Dual Diffusion for Unified Image Generation and Understanding¶

Conference: CVPR 2025
arXiv: 2501.00289
Code: None
Area: Image Generation
Keywords: multimodal diffusion, unified image-text models, discrete diffusion, flow matching, visual question answering

TL;DR¶

Proposes D-DiT (Dual Diffusion Transformer), the first fully end-to-end multimodal diffusion model, which employs continuous flow matching for the image branch and discrete masked diffusion for the text branch to simultaneously train both image generation and text understanding under a unified loss function.

Background & Motivation¶

Background: Diffusion models dominate the text-to-image field, while autoregressive models excel at vision-language understanding. Can the two be unified into a single bidirectional model?

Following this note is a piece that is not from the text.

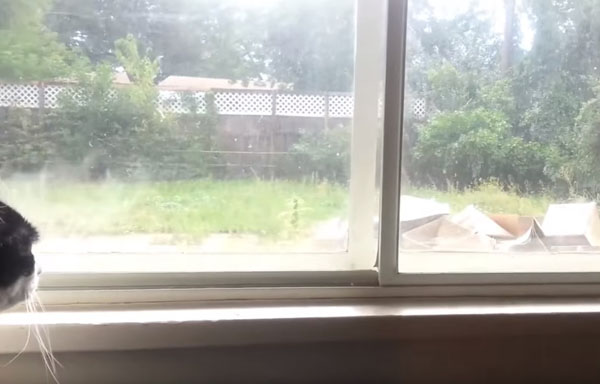 寵毛網／貓咪悶悶望窗外　原來外面有牠最愛的東西呀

Limitations of Prior Work: Existing multimodal diffusion models either have limited text reasoning capabilities (Unified/UniDiffuser requires an AR decoder to convert diffusion text latents to text), or essentially still rely on autoregressive models for text generation (Show-O, Transfusion).

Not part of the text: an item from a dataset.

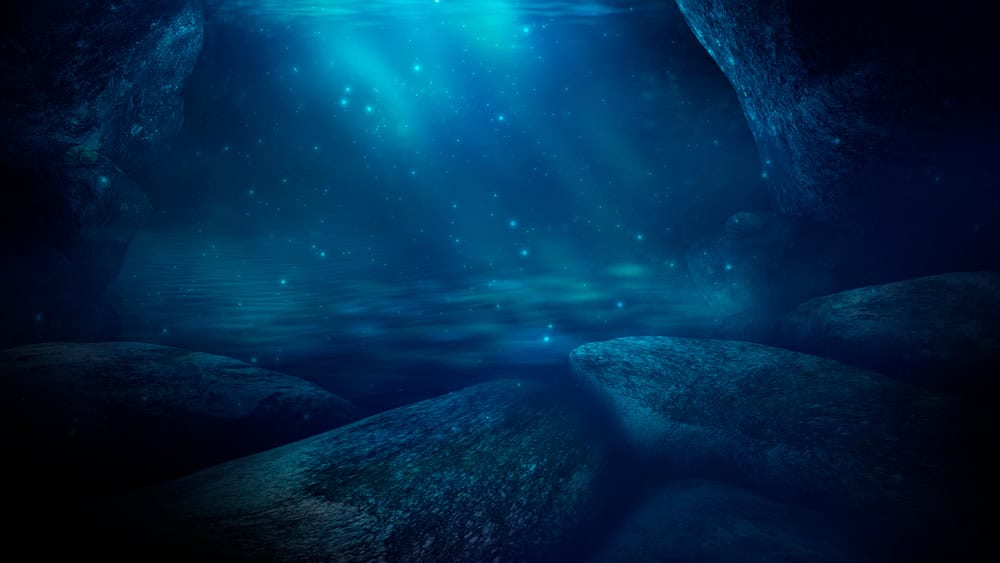 La Fossa di Nares: un ambiente estremo tra i meno esplorati del pianeta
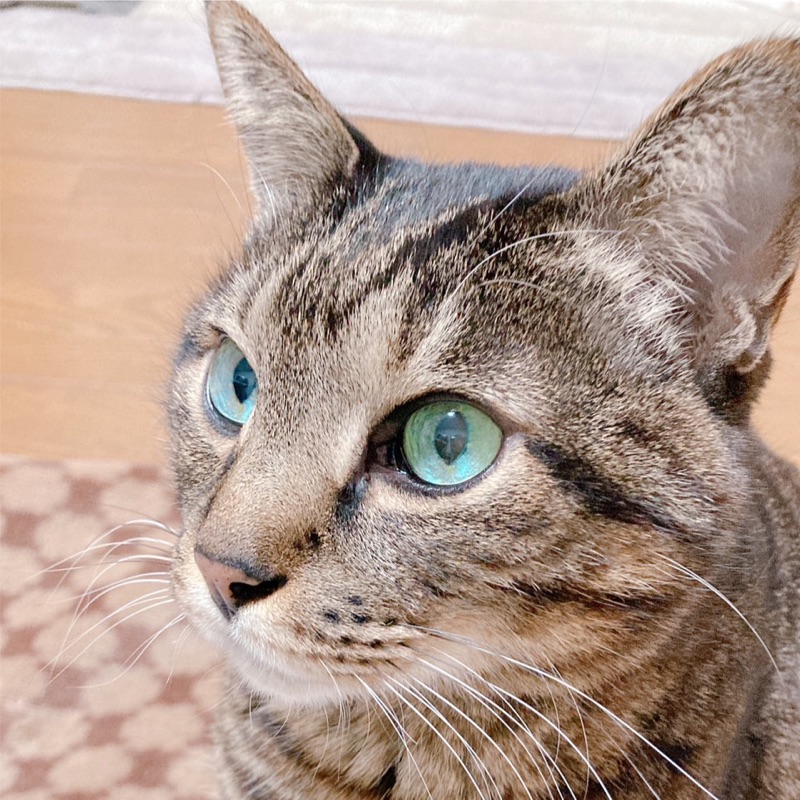 なお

Key Challenge: The lack of an empirically viable discrete text diffusion process previously limited pure diffusion models from language modeling.

Goal: Build the first pure-diffusion end-to-end multimodal model that concurrently supports image generation, image captioning, and visual question answering.

Core Idea: Jointly train a dual-branch Transformer based on the MM-DiT architecture, utilizing continuous diffusion (flow matching) for the image branch and discrete diffusion (masked diffusion) for the text branch.

Method¶

Overall Architecture¶

D-DiT is based on the MM-DiT architecture of SD3, featuring a dual-branch Transformer: the image branch predicts the velocity field, and the text branch predicts denoised tokens. During training, image denoising (with clean text) and text denoising (with clean images) are alternatingly performed. During inference, T2I and I2T tasks can be executed separately.

Key Designs¶

Joint Image-Text Diffusion Loss:
- Function: Unify the training of conditional generation for both images and text.
- Mechanism: \(L_{dual} = L_{image} + \lambda_{text} L_{text}\), where the image branch uses the flow matching MSE loss and the text branch uses the NELBO loss of masked diffusion. During training, noise is only added to the conditional target side—i.e., during image diffusion, text is clean, and during text diffusion, the image is clean.
- Design Motivation: Simple and elegant, enabling joint optimization of both DiT branches through backpropagation.
Controllable Text Infilling Inference:
- Function: Enable visual question answering (VQA) tasks.
- Mechanism: In VQA tasks, question tokens remain fixed (no noise added), and masked diffusion sampling is only applied to the token positions of the answer. This leverages the natural text infilling capability of masked diffusion.
- Design Motivation: Previous diffusion models could not perform VQA, whereas masked diffusion allows conditional infilling.
Initialization from Pre-trained SD3:
- Function: Fast adaptation of text generation capabilities.
- Mechanism: The DiT is initialized with SD3 pre-trained weights, and a linear head is added to the text branch for token prediction. The special <extra_id0> token from T5 is used as the mask token, with its embeddings unfrozen during the second stage.
- Design Motivation: Only ~25B text tokens are required to show meaningful text output, demonstrating extremely fast adaptation speed.

Loss & Training¶

Three-stage training: (1) Pre-training for 60K steps on Datacomp-1b; (2) Continued training for 200K steps on high-quality understanding data, optionally fine-tuning at 512 resolution; (3) Fine-tuning for 50K steps on LLaVA instruction data. In total, approximately 40M image-text pairs are used.

Key Experimental Results¶

Main Results¶

VQA benchmarks: Outperforms Show-O (another unified model) on MME, GQA, and POPE.
Image generation: Maintains original SD3 performance on GenEval, with improvements in certain color metrics.
The first pure diffusion model that supports complete VQA.

Key Findings¶

Joint diffusion training does not cause catastrophic forgetting of image generation capabilities.
Text diffusion does not require text-only training data; image-text pairs are sufficient.
D-DiT demonstrates fine-grained multimodal understanding capabilities in long-form question answering.

Highlights & Insights¶

First to demonstrate that diffusion models can completely replace autoregressive models for multimodal modeling.
The loss function design is extremely clean—a weighted sum of two unimodal diffusion losses.
The ability to quickly adapt from SD3 is impressive.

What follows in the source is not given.